Though popping open this HM300, I was mostly distracted about the 9V battery terminal which had been somehow lodged under the foot actuator. No matter how much I tried I just couldn’t get get it loose. Totally stuck & unusable with batteries. I wonder if this was the reason why somebody had chosen to depart with the pedal..(?) If there was a battery compartment under the actuator I sure didn’t figure out how to access it!
As this is one cheapo pedal, the budget choices are visible all around. Forget about a solid metal box, or a heavy duty stomp box switch – for the latter this one had just the bog-standard micro switch and a small rubber actuator to take off some of the force when the pedal is stomped on.

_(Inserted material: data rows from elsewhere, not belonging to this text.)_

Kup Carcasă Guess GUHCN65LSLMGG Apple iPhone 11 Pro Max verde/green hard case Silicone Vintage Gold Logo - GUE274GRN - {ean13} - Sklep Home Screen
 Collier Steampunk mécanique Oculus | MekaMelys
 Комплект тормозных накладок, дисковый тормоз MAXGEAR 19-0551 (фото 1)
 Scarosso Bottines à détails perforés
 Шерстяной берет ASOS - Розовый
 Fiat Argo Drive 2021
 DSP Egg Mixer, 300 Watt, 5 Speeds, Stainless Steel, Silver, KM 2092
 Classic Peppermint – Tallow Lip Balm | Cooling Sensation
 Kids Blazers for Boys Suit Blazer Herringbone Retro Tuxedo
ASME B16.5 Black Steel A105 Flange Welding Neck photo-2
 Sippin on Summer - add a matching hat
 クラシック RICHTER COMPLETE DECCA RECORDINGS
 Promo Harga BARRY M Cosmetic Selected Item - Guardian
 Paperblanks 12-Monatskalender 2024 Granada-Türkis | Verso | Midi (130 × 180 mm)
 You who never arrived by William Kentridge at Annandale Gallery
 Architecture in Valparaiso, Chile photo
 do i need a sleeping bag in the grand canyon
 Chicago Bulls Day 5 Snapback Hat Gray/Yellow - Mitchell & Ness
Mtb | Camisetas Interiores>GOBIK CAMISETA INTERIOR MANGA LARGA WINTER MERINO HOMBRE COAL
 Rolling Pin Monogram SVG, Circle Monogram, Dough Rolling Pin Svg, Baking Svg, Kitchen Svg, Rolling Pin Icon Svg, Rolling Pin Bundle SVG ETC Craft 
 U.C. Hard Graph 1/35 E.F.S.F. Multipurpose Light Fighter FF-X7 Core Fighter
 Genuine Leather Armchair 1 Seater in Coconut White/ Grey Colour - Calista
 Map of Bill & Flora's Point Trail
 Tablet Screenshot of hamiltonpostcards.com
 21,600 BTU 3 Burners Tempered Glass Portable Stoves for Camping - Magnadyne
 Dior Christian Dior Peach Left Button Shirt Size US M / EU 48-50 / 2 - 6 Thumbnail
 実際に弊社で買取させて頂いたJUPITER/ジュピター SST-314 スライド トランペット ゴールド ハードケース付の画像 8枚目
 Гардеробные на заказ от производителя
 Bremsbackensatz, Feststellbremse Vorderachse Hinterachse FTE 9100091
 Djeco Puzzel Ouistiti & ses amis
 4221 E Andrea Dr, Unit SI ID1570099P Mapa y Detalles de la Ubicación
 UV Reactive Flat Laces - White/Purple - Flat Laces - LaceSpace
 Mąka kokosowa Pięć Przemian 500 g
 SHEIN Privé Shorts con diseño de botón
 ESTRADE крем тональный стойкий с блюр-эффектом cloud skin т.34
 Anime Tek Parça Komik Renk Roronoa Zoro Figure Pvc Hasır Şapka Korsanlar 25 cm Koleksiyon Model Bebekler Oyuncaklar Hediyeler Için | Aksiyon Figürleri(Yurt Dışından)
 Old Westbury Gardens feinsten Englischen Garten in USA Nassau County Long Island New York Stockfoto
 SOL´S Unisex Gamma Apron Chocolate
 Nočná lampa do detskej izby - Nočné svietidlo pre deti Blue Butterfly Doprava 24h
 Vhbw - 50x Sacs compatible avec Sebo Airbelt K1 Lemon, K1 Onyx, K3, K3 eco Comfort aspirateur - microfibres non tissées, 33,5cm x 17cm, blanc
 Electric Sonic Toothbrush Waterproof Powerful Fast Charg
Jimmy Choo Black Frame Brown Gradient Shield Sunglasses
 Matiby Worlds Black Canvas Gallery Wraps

The main circuit board (PCB) on HM300 measures about 104mm tall and 59mm wide. While the former dimension is still within the maximum suitable height for a eurorack module (< 110mm), there’s absolutely no way I’m going to build a 12hp wide (60mm / 5) panel for a simple module like this! So the board needs to go in sideways and pair up with a new, slimmer panel which will accommodate the user interface parts.
With the HM300 PCB cut loose from the pedal case, the obviously unnecessary parts had to come off:
The potentiometers didn’t have visible value markings on them when soldered to the board. The values were printed on the board, but under the parts. How convenient is that?!
Rummaging through my parts bins, it turned out I don’t have matching panel mount versions to replace the stock potentiometers. So besides doing a new panel I also needed a PCB kludge to proceed with the stock ones (250k potentiometer = too weird a value!). These stand quite tall from the top of PCB with their knobs installed: The full distance from top of PCB to front surface of panel was around 23mm whereas the Thonkiconn jacks I chose for this build measure about 10mm tall.
So to height-match these I decided to put the jacks on separate ‘spacer’ breadboards. Also by now it was clear this isn’t going to be one of those “skiff friendly” modules. The height of everything stacking up just goes well beyond that.
Test-fitting the parts with some breadboard bits I found that they will fit a panel 4hp wide. Which means the breadboards can be 7 rows wide. And there will be three of these; one for potentiometers and two for jacks.
The determining factor with the knob & jack layout was really that the stock knobs don’t have bushings (not panel mount), and so the jacks will be the only hardware to secure PCBs to the front panel. This means that (similar to my PT3) they need to be on the opposite ends of the front panel.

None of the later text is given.